Apache Log4j 2.8.2 Jar Exposes Critical 10.0 CVSS Vulnerabilities in Software Supply Chain

A critical security alert has been triggered for the Apache Log4j library version 2.8.2, exposing systems to two severe vulnerabilities with the highest possible severity rating of 10.0 on the CVSS scale. The findings, flagged in a software dependency scan, indicate a direct and exploitable weakness in a foundational logging component used across countless Java applications worldwide. The exploit maturity for both flaws is rated as 'High,' and the EPSS (Exploit Prediction Scoring System) scores exceed 94%, signaling an imminent and widespread risk of active exploitation.

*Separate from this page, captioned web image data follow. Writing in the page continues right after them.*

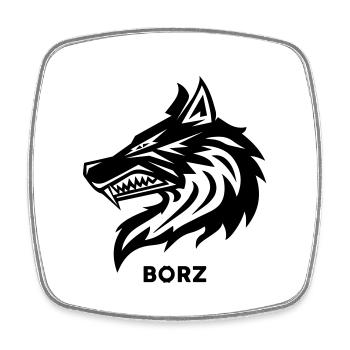 BORZ - Square fridge magnet - white - Front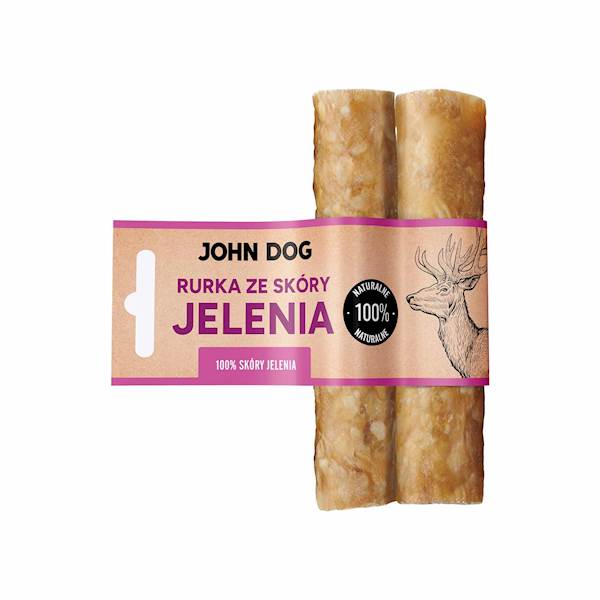 JOHN DOG RURKA ZE SKÓRY JELENIA 2SZT 15CM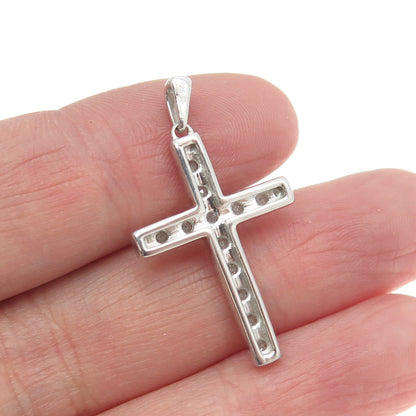 925 Sterling Silver Real Round-Cut Diamond Cross Pendant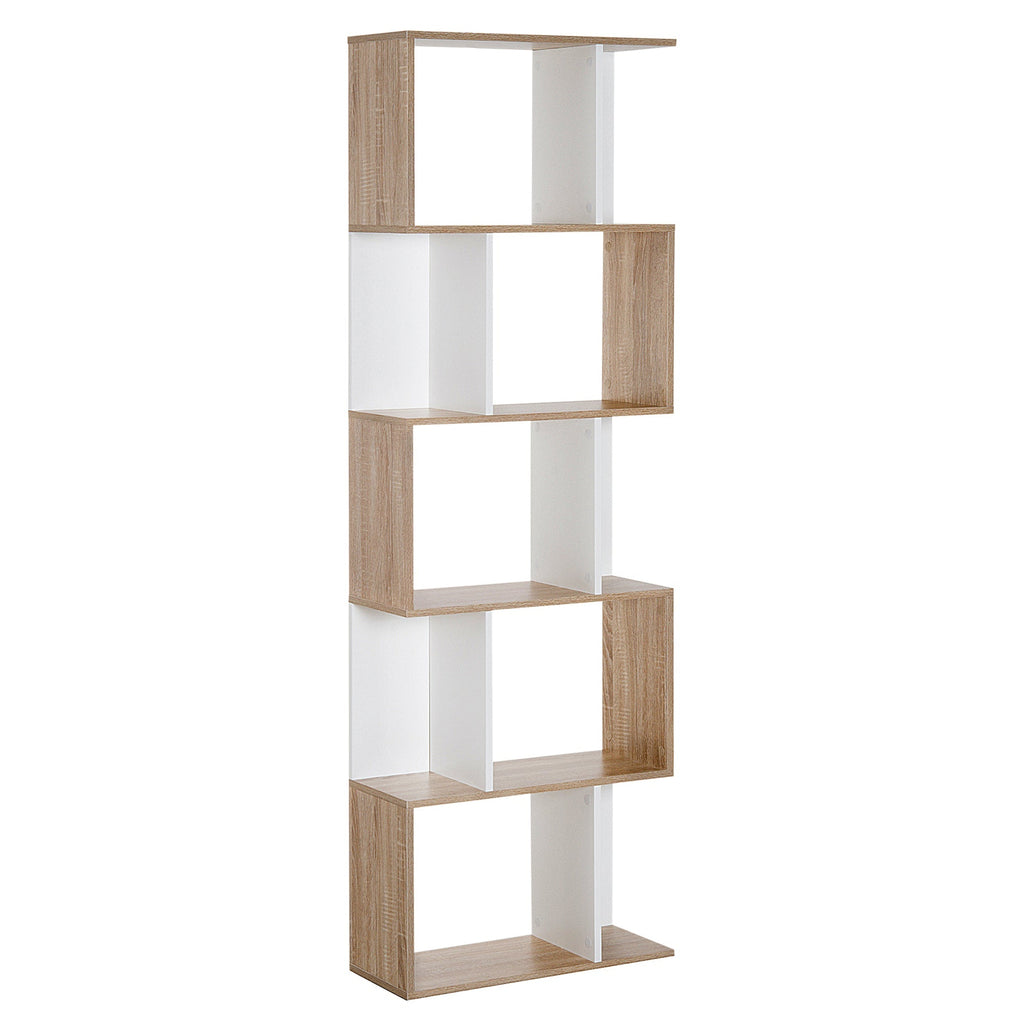 Homdom Modern Wall Library 5 Black Wooden Woodlings, 60x24x184.5cm - Borgè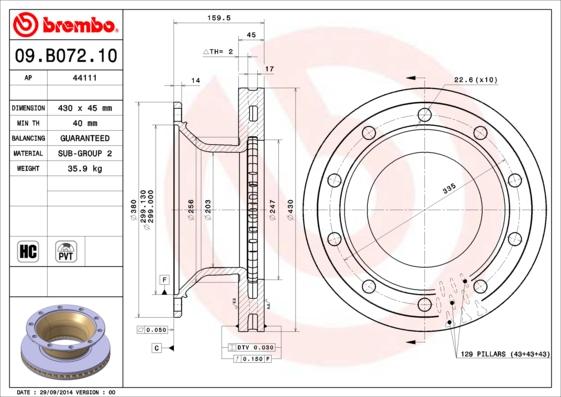 Brembo 09.B072.10 - Jarrulevy inparts.fi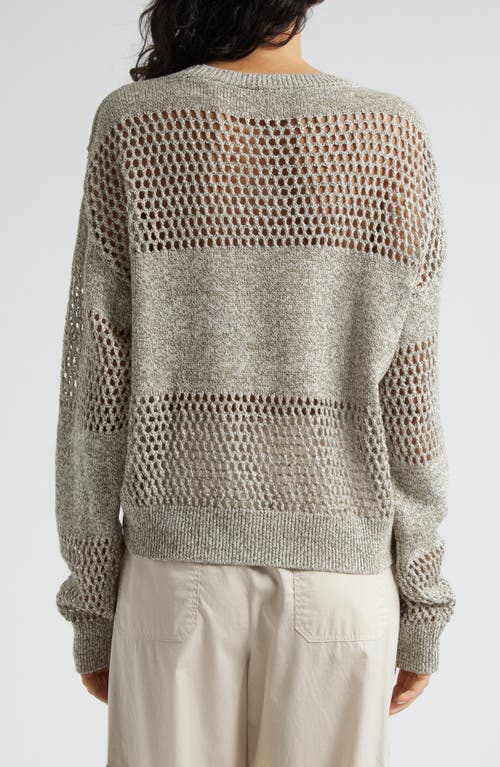 Shop Atm Anthony Thomas Melillo Stripe Open Stitch Linen And Cotton Crewneck Sweater In Juniper Marl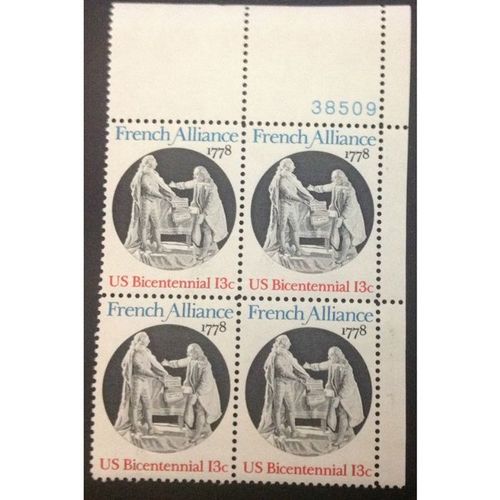 US Stamp #1753 mint: 1978 13c French Alliance - MNH plate block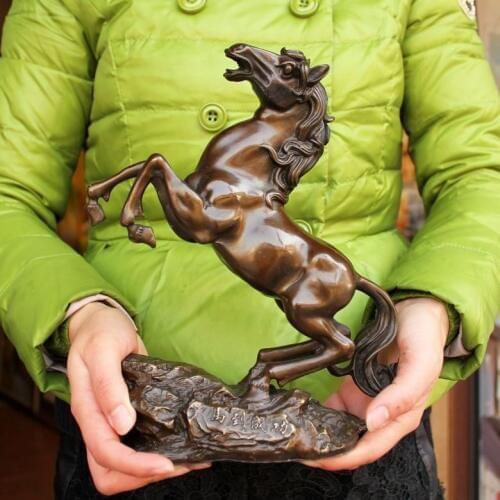 Free shipping Copper horse decoration antique feng shui home decoration gift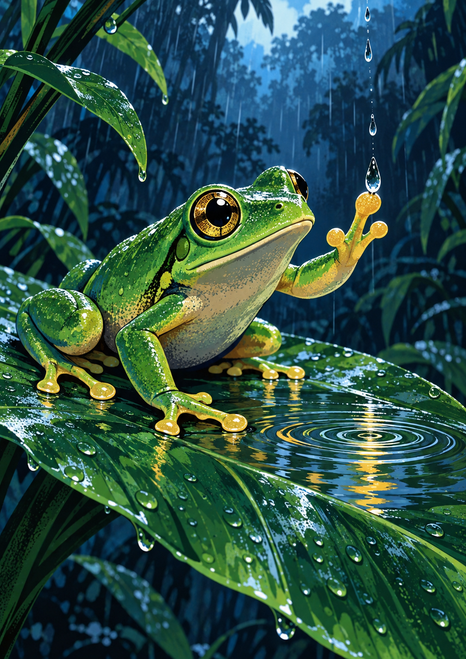 A vivid green frog reaches toward a raindrop on a glossy leaf above circular ripples.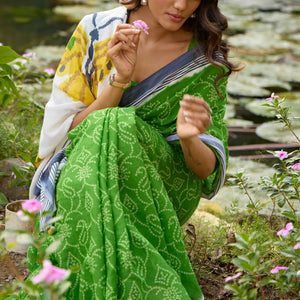 Forest Green Bandhani Printed Linen Saree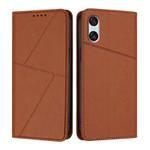 For Sony Xperia 10 VI Strong Magnetic Frosted Flip Leather Phone Case(Coffee Color)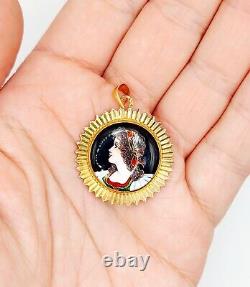 Art Nouveau Style Pendant Limoges 18k Rose Gold Enamel Plaque Young Girl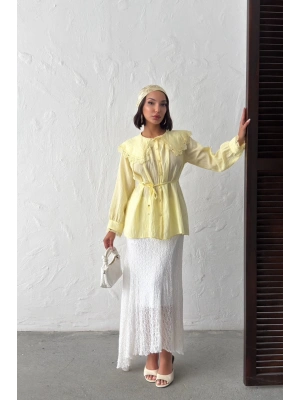 Kadın Yaz Sarısı Vintage Bebe Yaka Dantelli Kuşaklı Yazlık Uzun Kol Gömlek Tunik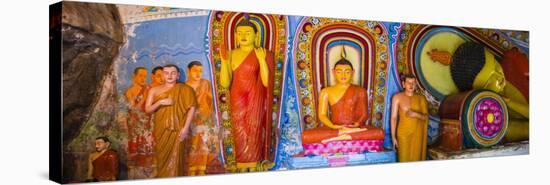 Colourful Buddha Statues at Isurumuniya Vihara-Matthew Williams-Ellis-Stretched Canvas
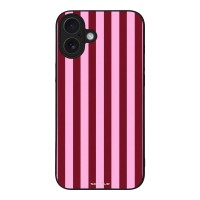 Θήκη Sonique Stripe Stories Series για Apple iPhone 16 Plus Ρίγες Ροζ – Κόκκινο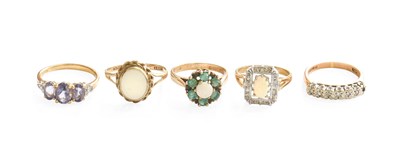 Lot 476 - Five 9 Carat Gold Multi-Gem Set Rings,...
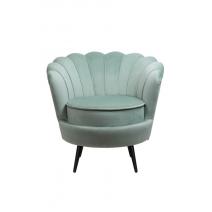  Низкое кресло ракушка Pearl Green на черных ножках, фото 1 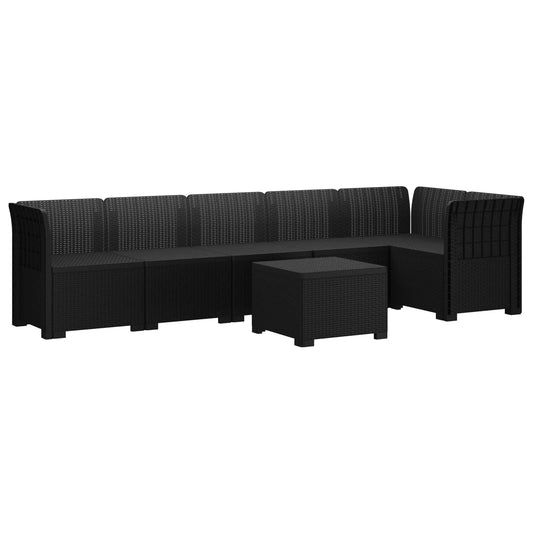 6-Seater Garden Sofa Rattan Look PP Anthracite 6-Seater Garden Sofa Rattan Look PP Anthracite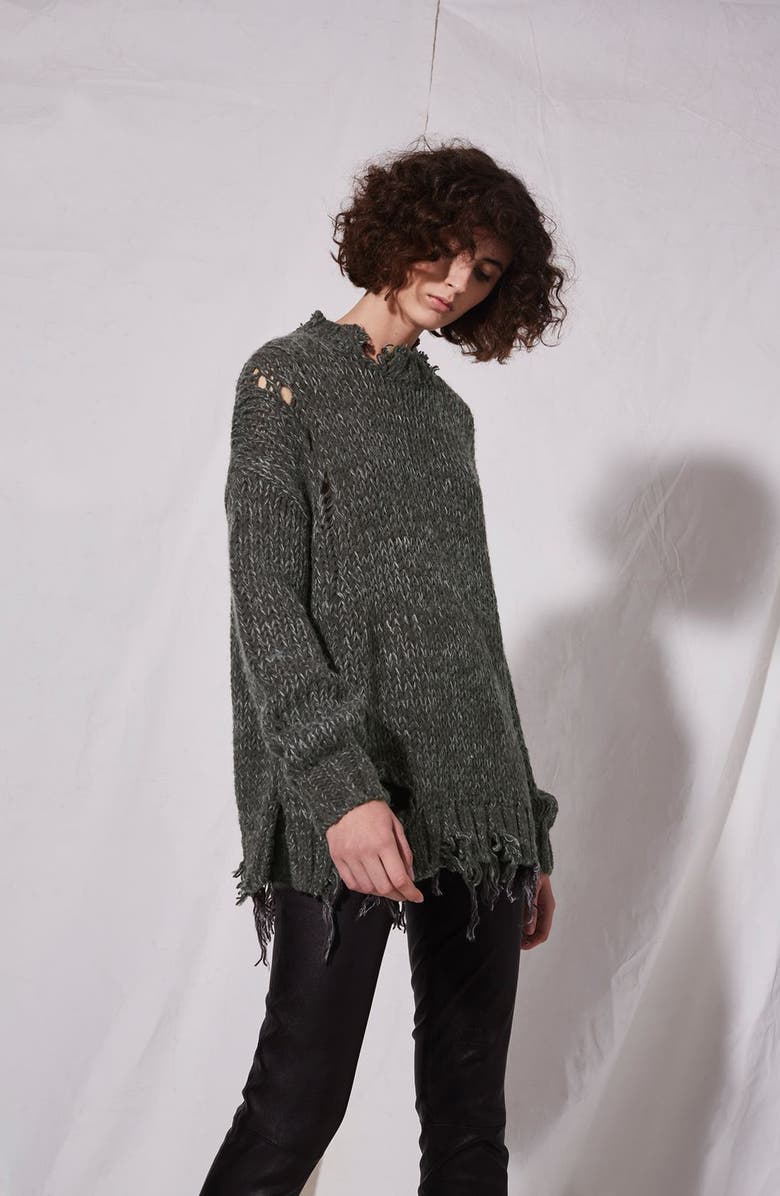 Topshop Boutique Ladder Stitch Detail Sweater, Alternate, color, 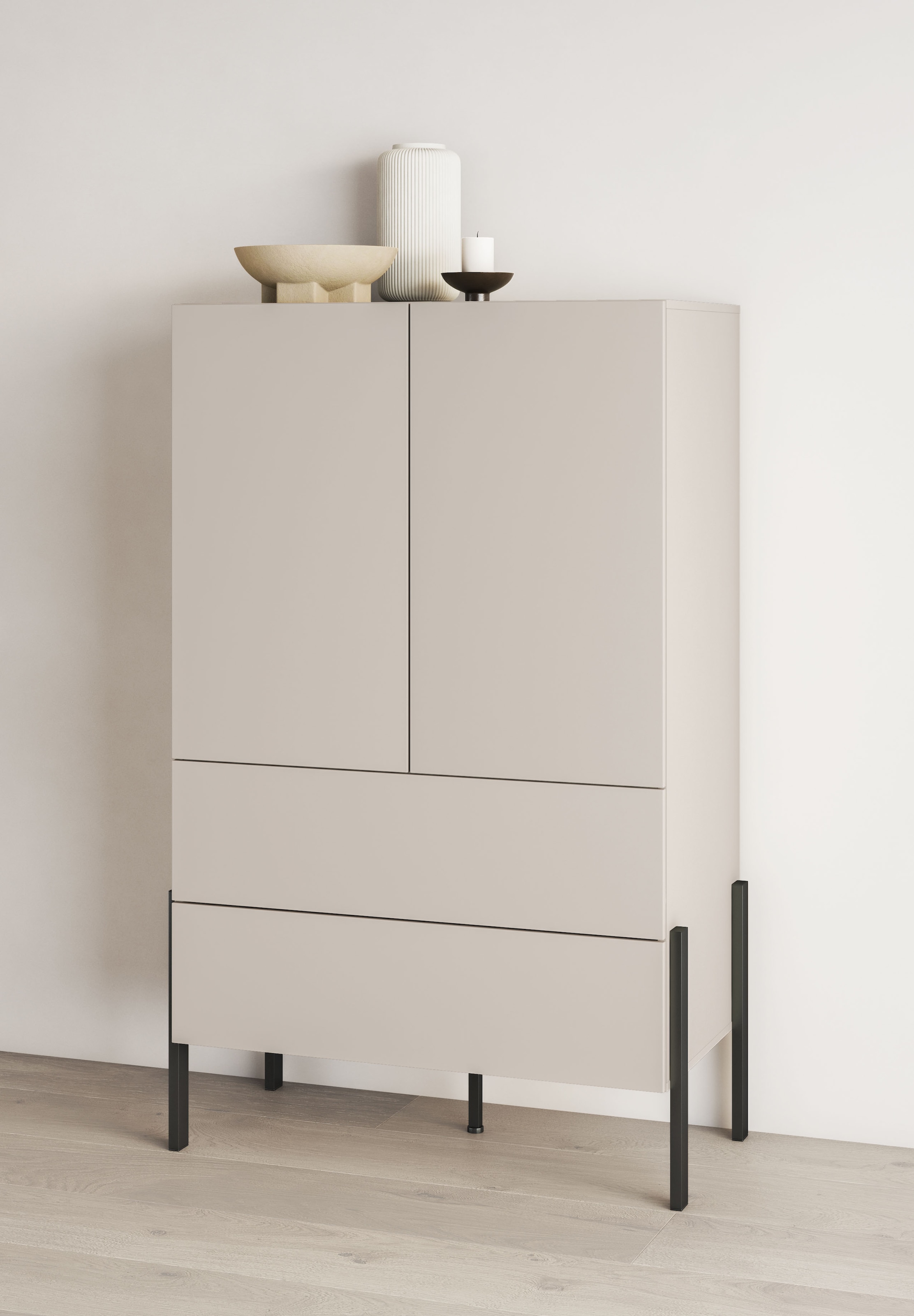 Home affaire Wäscheschrank »Jukon, moderner griffloser Kleiderschrank, Metallfüsse, Made in Europe« 90x150x50, ideal für kleine Räume oder Nischen,  Mehrzweckschrank ,2 Schubladen, 2 Türen, FSC-zertifiziert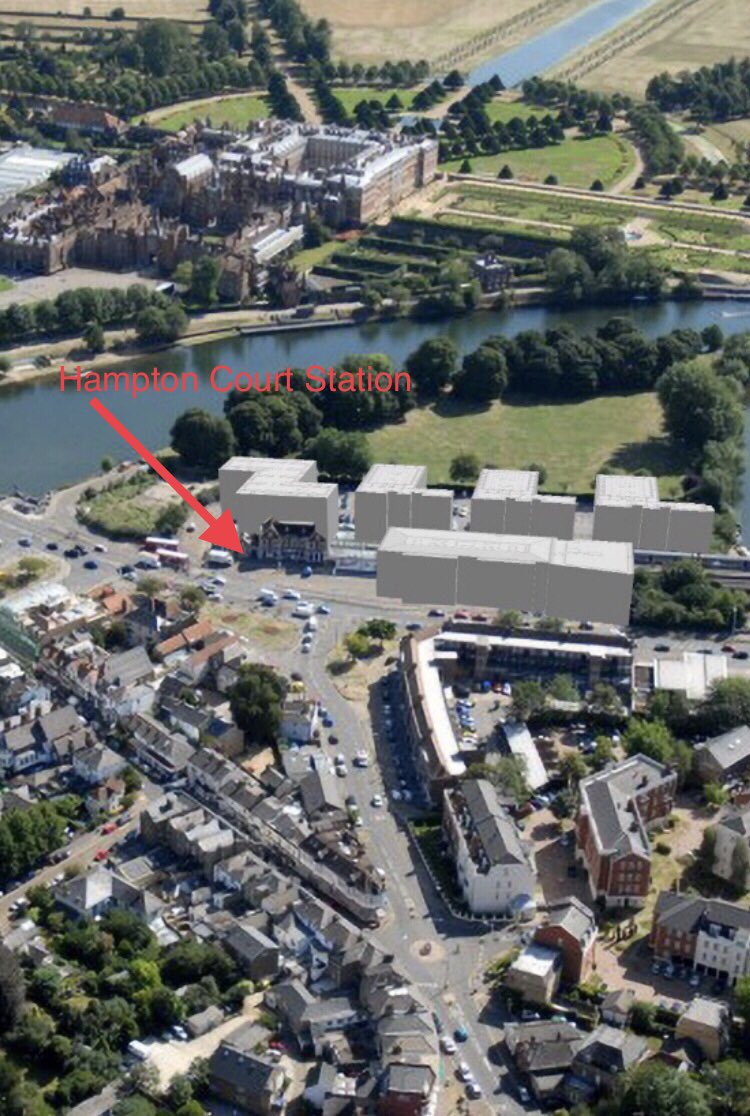 HCRCMary's tweet image. CONSULTATION EXTENDED TO 12th JUNE!
 @lucyfrazermp @DCMS to decide on @networkrail &amp;amp; #alexpo IOM Ltd scheme at #hamptoncourt #station - which @ElmbridgeBC @LBRUT @HRP_palaces @thegardenstrust @CPRESurrey et al rejected⬇️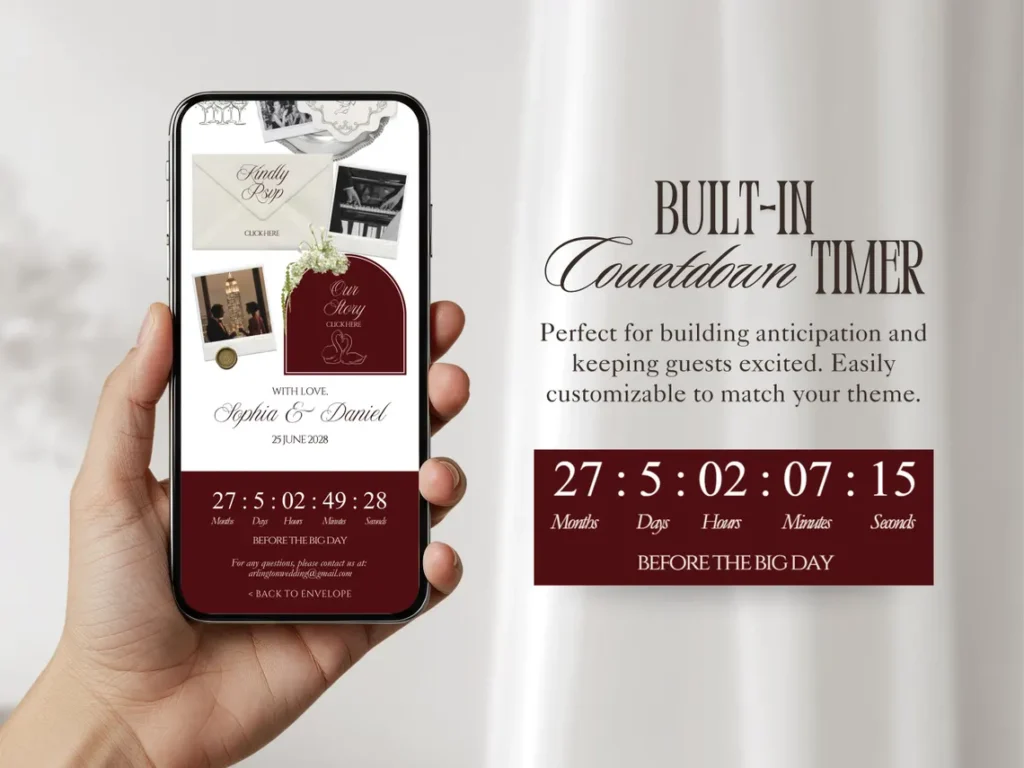 MarvelProduct.NET Burgundy and Ivory Wedding Website Template with RSVP Elegant Editable Old Money Canva Site Digital Invitation for Classic Wedding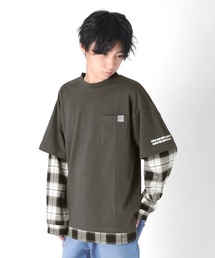 GLAZOS | 天竺・チェックシャツレイヤード長袖Ｔシャツ(Tシャツ/カットソー)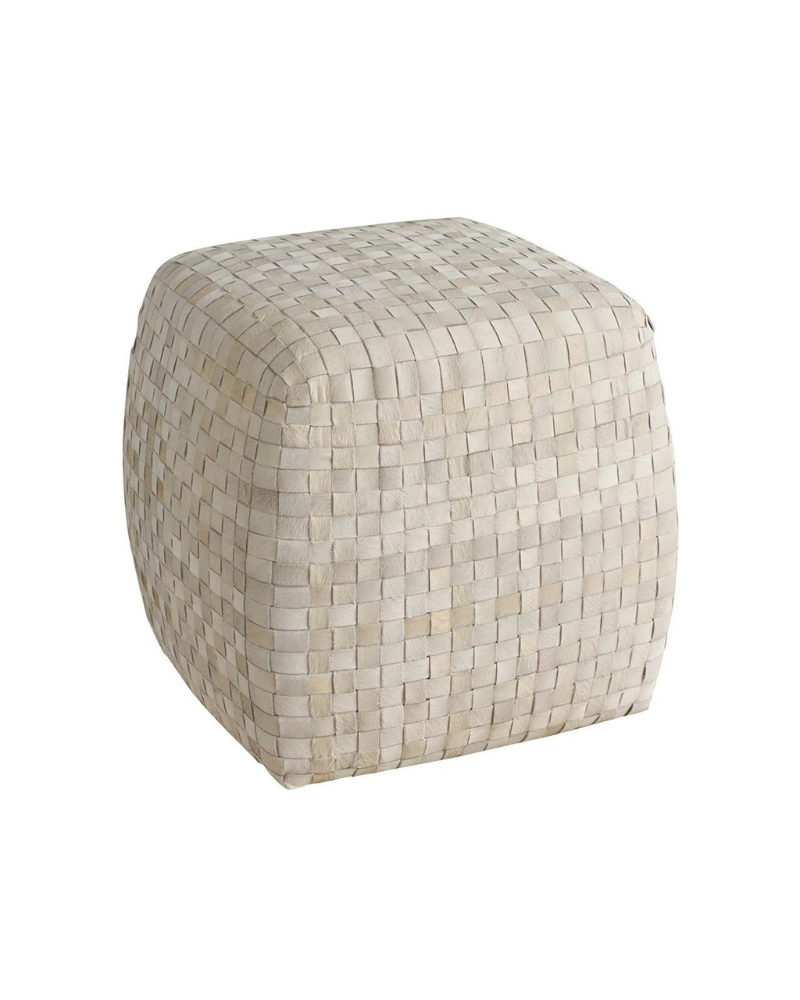 Woven Ottoman – Natural Ivory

The vulnerable library, `log4j-core-2.8.2.jar`, is a direct dependency identified in a project's Maven configuration. The primary threat is CVE-2021-44228, a remote code execution vulnerability with a maximum CVSS score of 10.0. A second critical flaw, CVE-2021-45046, carries a CVSS score of 9.0. Both vulnerabilities are present in this specific, outdated version of the Apache Log4j implementation, a ubiquitous logging framework maintained by the Apache Software Foundation.

The immediate pressure is on development and security teams to locate and remediate any instances of this vulnerable library. Patched versions are available, including Log4j core versions 2.3.1, 2.12.2, and 2.15.0 for the first CVE. The presence of these flaws in a core, transitive dependency underscores the persistent and systemic risks within modern software supply chains, where a single vulnerable component can cascade security failures across entire application ecosystems.